BFBI OTT bug or limitation? UPDATE2

Mon Feb 23 02:37:14 PST 2009

Bill Hacker wrote:
Top-posting to my own post ...
Again.

Reproduced the original verbose crash. Only the last line is the same as 
below.

Failed to set up the HP-200LX serial, so will run it again...

Bill

:-(

du -h > dulist

Two more runs, one OK  with hammer mirror-stream over ssh NOT running, 
second  run with it mirroring a nearly empty dirtree (five static, 
one-line text files only), runs for several minutes, then drops into 
debugger with a mere three lines, rather than the original 
scrolled-off-the screen;

CRC DATA @ 9000000a3b15b280/128 FAILED
Debuger ("CRCFAILED: DATA")
Stopped at    Debugger+0x34:    movb    $0, in_Debugger.3970
But this does not seem to relate. Could be an NATACONTROL + old HHD I/O 
error artifact.

First looong err message had to do with vnodes..

More testing to do, then will swap-in a newer 500 GB SATA.

Bill

Bill Hacker wrote:
Brute Force and Bloody Ignorance is Over The Top when;

'du -h'

saves keystrokes over:

'shutdown now'

Likewise a few other ways to either reboot or drop into the debugger.

Environment:

Target box:

VIA C7, 2 GB DDR2-533

2 X IBM 60GB PATA as NATACONTROL RAID1

2.3.0. 'default install' to all-HAMMER

root-mounted /slave1 PFS-created as such by hammer mirror-copy over ssh

Source box:

Lenovo G400 3000 laptop. 33GB slice ad0s1 for DFLY.

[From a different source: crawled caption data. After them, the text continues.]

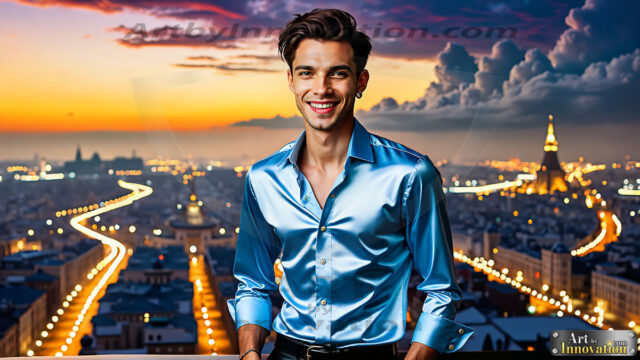 The Men of the Golden City is a collection of AI generated images of beautiful, glamorous, handsome guys in the heavens. The heavenly landscape evokes a sense of magnificence, the majestic gothic architecture, is detailed and crafted to create an atmosphere of reverence and divine glory. The mystical and galactic landscape highlights the golden city. The great detail of the city and the billowing clouds. A golden river flows from the city to the end of the galaxy. The vast galaxy almost covers the image. The stars and constellations sparkle in the galaxy. The city has massive, magnificent, majestic gothic architecture.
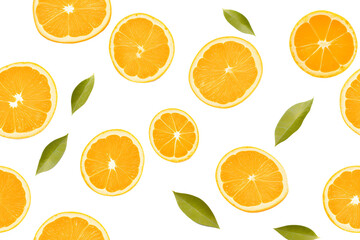 Obraz premium Bright orange slices arrayed on a transparent background, showcasing varying cuts from full rounds to wedges. Generative AI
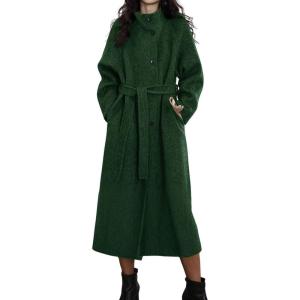imagechouyatou Womens Stand Collar Midi Long Wool Coats Fall Winter Single Breasted Trench Coat PeacoatGreen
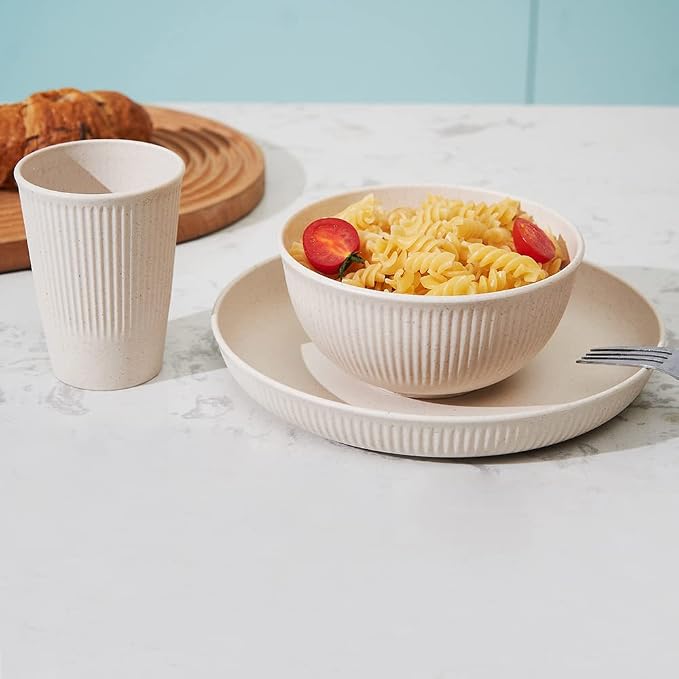 18pcs Wheat Straw Dinnerware Sets HXYPN Unbreakable Reusable Dinnerware Set | Kitchen Cups Plates and Bowls Sets Dishwasher Microwave Safe Plates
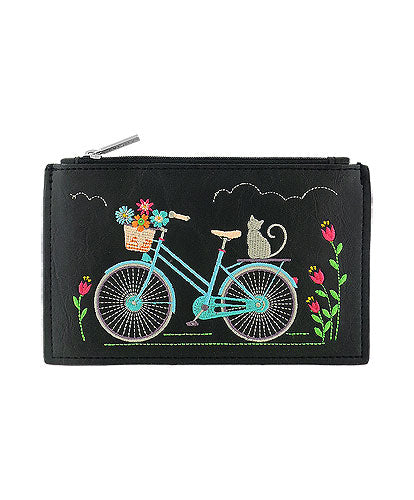 Cat on Bicycle Embroidered Vegan Flat Pouch by Lavishy - Compassionate Closet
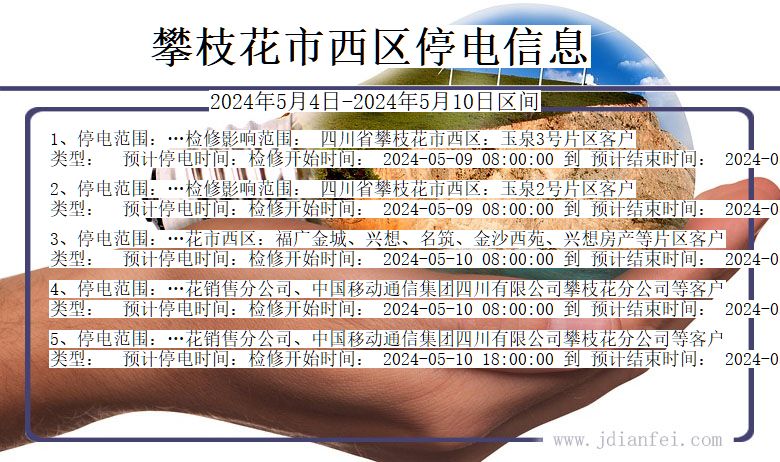 四川省攀枝花西区停电通知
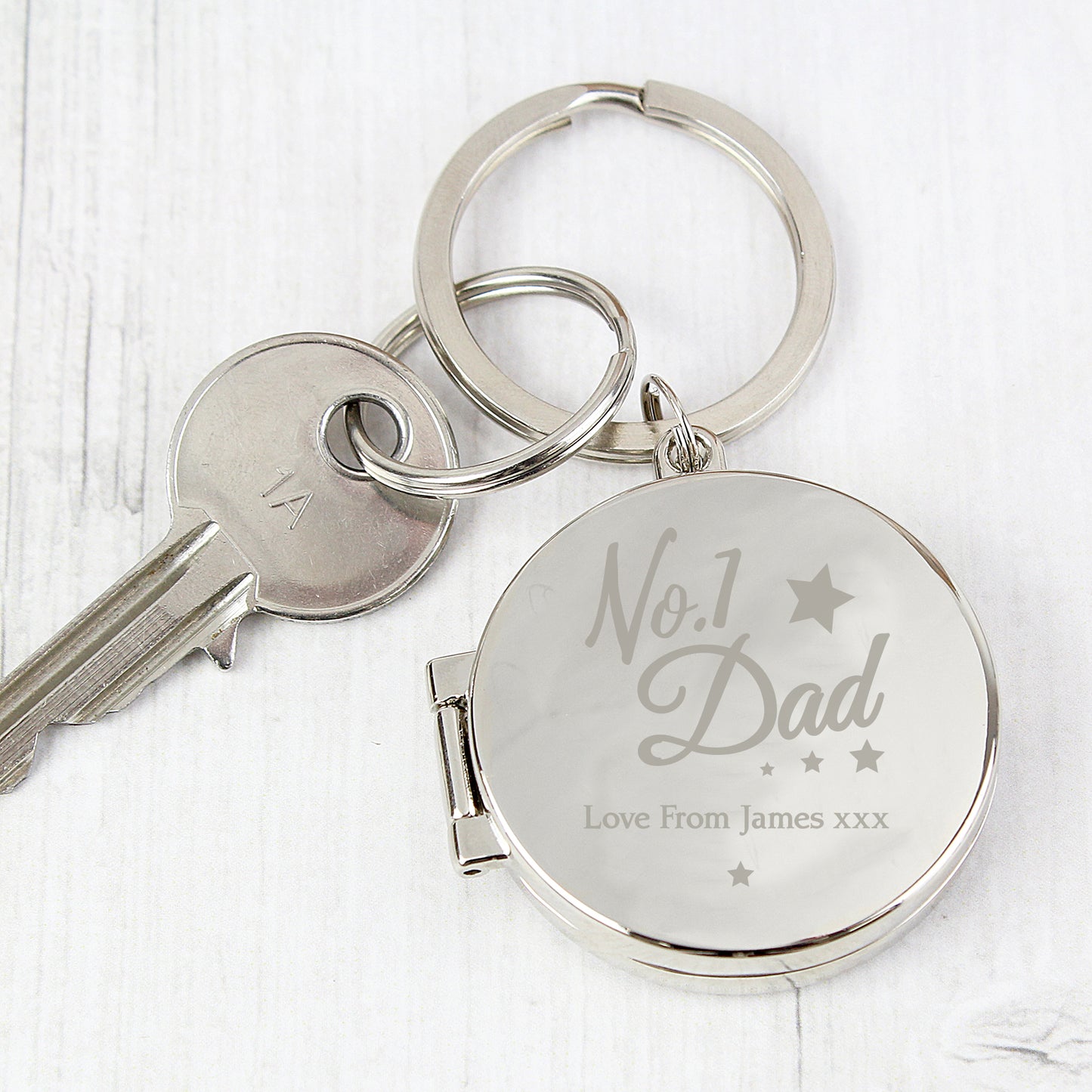 Personalised No.1 Dad Photo Keyring - MK&JD Gifts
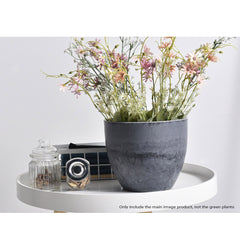 SOGA 32cm Weathered Grey Round Resin Plant Flower Pot in Cement Pattern Planter Cachepot for Indoor Home Office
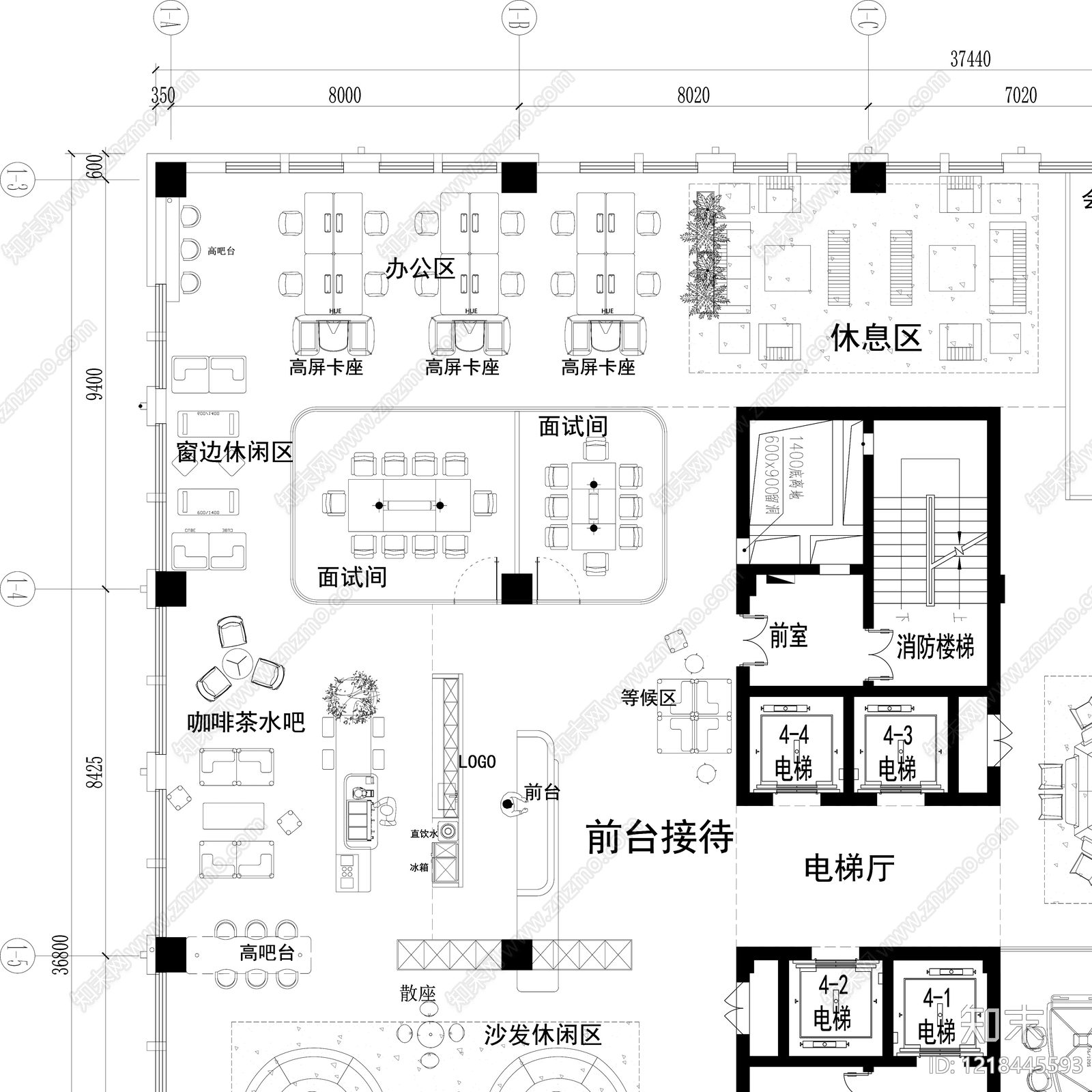 开放办公室cad施工图下载【ID:1218445593】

2.2.0 Installed to UFS, spare 8 GB partition *ONLY* later formatted 
and mounted as hammerfs '/hmr', made into a master for testing, 
'/hmr/master'.

ACTION:

hammer mirror-stream /hmr/master Thor@<target_IP>/slave1
over ssh 100 Mbps internal link.
Fire-off bonnie++ to fill the /hmr partition with fairly deep recursion.
It fills and stops gracefully with a ...cannot write' message, begins 
to cleanup its work area.

meanwhile, the ssh link has been doing its best - and it's best is 
very good.

Watching the target sees ~/slave1 gradually clear as bonnie++ mops up 
the master, until back where du shows zero usage, slaves having no 
snapshots of their own.

But the /hmr/master mount has gone from zero to 94% used, and the 
target has gone from 76% used to 87% used.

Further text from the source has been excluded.